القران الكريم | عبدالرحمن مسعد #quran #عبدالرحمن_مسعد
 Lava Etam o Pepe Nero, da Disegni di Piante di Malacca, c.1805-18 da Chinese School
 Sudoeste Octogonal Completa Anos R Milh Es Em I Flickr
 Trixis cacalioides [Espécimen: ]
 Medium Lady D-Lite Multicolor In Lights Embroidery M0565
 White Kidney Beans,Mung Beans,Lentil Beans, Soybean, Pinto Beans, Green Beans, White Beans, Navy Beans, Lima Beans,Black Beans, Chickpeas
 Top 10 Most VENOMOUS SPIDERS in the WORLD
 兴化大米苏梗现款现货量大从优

Exercise
Write down exactly the line that contains "Top 10 Most VENOMOUS SPIDERS in the WORLD" along with all later lines of the material, ending at its final line.

Expected answer
 Top 10 Most VENOMOUS SPIDERS in the WORLD
 兴化大米苏梗现款现货量大从优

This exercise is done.